> TASK ITEM:
In the listing that follows, the range to quote begins at the line that has "But in the beginning, I" and ends after the line that has "That’s how my"; quote it verbatim and add nothing.

THE INPUT Block Start

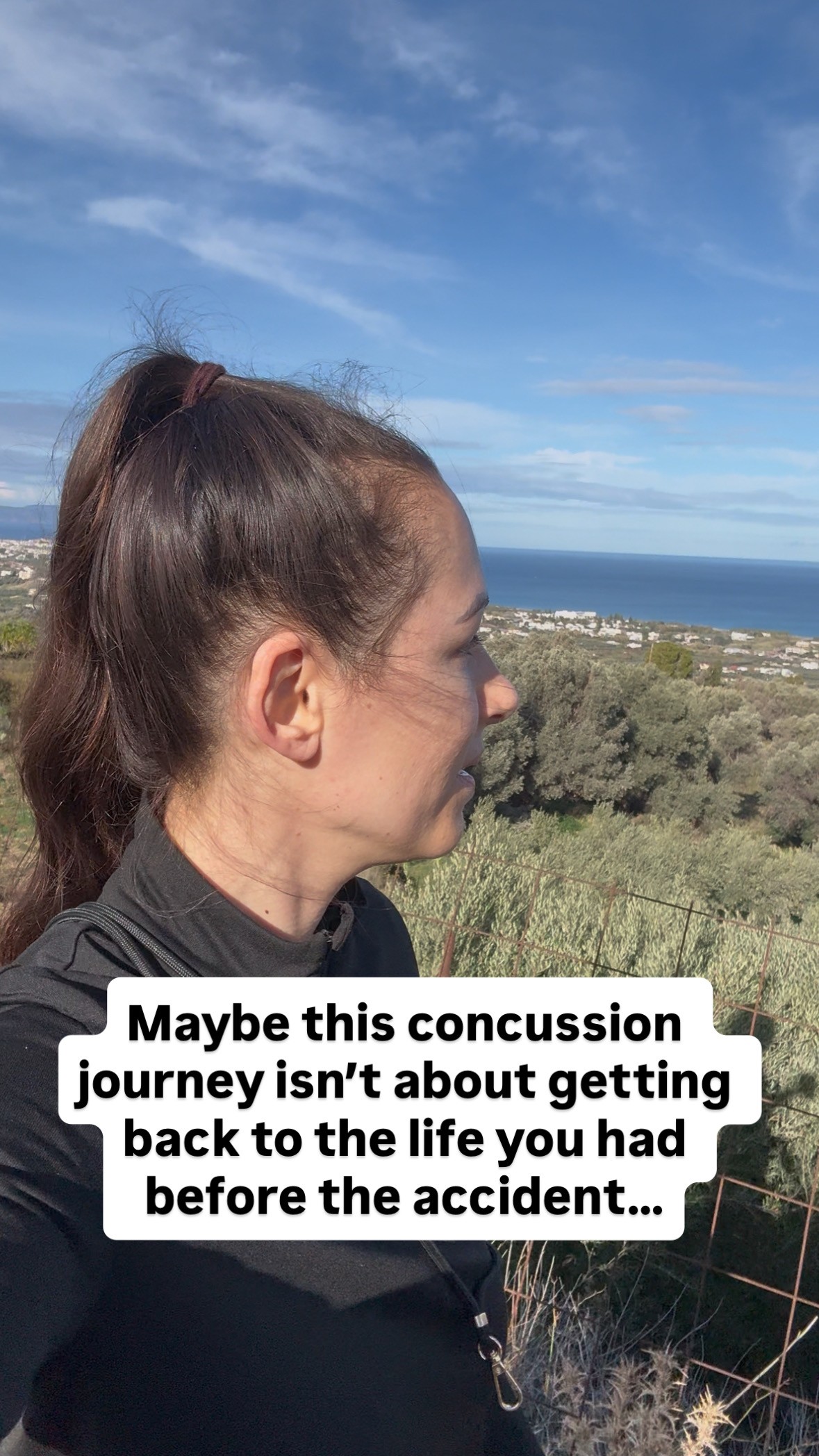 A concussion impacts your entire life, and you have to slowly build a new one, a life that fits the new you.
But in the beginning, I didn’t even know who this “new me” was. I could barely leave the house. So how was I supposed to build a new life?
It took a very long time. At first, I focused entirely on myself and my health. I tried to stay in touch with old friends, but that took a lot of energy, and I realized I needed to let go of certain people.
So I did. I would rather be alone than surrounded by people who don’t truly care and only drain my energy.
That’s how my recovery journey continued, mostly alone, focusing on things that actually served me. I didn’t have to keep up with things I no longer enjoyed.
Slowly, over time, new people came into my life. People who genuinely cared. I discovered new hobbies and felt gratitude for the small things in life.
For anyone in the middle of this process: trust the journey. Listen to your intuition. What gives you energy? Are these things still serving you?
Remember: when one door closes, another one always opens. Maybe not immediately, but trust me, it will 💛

THE INPUT Block End
THE INPUT Block Start

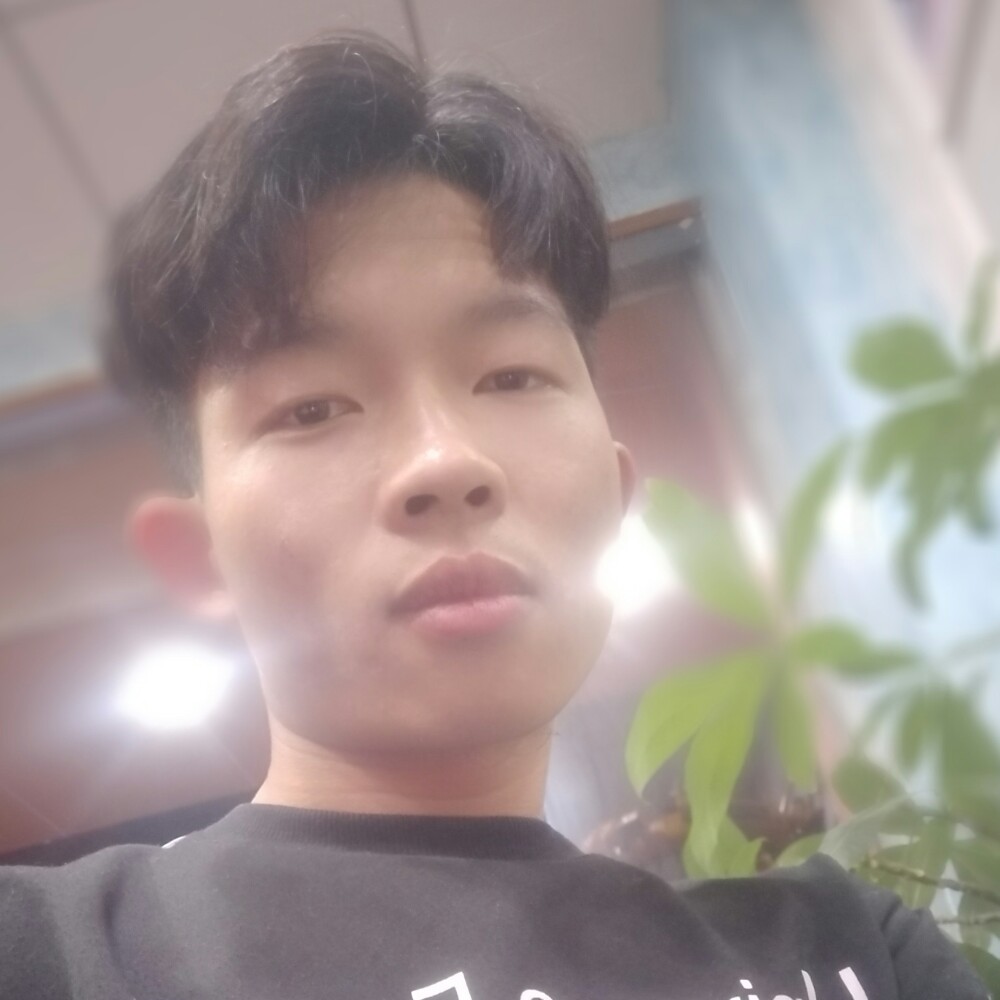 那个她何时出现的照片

THE INPUT Block End

> RESULT OF THIS EXERCISE:
But in the beginning, I didn’t even know who this “new me” was. I could barely leave the house. So how was I supposed to build a new life?
It took a very long time. At first, I focused entirely on myself and my health. I tried to stay in touch with old friends, but that took a lot of energy, and I realized I needed to let go of certain people.
So I did. I would rather be alone than surrounded by people who don’t truly care and only drain my energy.
That’s how my recovery journey continued, mostly alone, focusing on things that actually served me. I didn’t have to keep up with things I no longer enjoyed.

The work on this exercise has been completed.